GOAL OF THE EXERCISE – What you return should be exactly the lines from the one containing "Ticari taksi kaldırıma çarptı: 1 yaralı" down to the final line of the listing, with nothing else.

** GIVEN RECORDS follows **

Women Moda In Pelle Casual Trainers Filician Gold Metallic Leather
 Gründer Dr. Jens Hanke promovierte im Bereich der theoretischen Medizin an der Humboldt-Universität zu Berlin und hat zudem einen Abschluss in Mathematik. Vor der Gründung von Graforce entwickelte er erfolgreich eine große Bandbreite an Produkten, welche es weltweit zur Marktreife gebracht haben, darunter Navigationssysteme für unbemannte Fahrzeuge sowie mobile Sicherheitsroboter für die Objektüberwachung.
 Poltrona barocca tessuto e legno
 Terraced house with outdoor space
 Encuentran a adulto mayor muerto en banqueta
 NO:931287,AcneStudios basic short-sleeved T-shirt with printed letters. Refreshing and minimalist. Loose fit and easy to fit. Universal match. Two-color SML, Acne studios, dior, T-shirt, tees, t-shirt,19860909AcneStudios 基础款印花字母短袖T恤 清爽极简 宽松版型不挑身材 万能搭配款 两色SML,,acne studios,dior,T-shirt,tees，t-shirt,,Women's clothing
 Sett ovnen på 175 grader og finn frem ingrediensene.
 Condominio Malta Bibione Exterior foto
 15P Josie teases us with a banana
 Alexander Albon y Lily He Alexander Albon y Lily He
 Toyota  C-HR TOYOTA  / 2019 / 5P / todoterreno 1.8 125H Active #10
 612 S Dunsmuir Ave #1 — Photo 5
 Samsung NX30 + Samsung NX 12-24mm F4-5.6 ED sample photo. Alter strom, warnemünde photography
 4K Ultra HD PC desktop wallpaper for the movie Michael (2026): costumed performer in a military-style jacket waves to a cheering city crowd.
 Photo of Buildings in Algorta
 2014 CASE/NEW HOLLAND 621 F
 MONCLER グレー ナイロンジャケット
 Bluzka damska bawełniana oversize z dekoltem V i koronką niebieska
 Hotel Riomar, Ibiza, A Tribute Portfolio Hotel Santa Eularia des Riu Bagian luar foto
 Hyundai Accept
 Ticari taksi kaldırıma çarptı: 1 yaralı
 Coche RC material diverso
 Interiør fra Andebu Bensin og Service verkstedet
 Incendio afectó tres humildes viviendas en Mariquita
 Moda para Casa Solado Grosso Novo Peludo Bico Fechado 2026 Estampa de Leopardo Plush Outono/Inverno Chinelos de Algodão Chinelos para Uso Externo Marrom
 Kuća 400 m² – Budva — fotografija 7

** End of GIVEN RECORDS **

RESPONSE TO THIS TASK –
 Ticari taksi kaldırıma çarptı: 1 yaralı
 Coche RC material diverso
 Interiør fra Andebu Bensin og Service verkstedet
 Incendio afectó tres humildes viviendas en Mariquita
 Moda para Casa Solado Grosso Novo Peludo Bico Fechado 2026 Estampa de Leopardo Plush Outono/Inverno Chinelos de Algodão Chinelos para Uso Externo Marrom
 Kuća 400 m² – Budva — fotografija 7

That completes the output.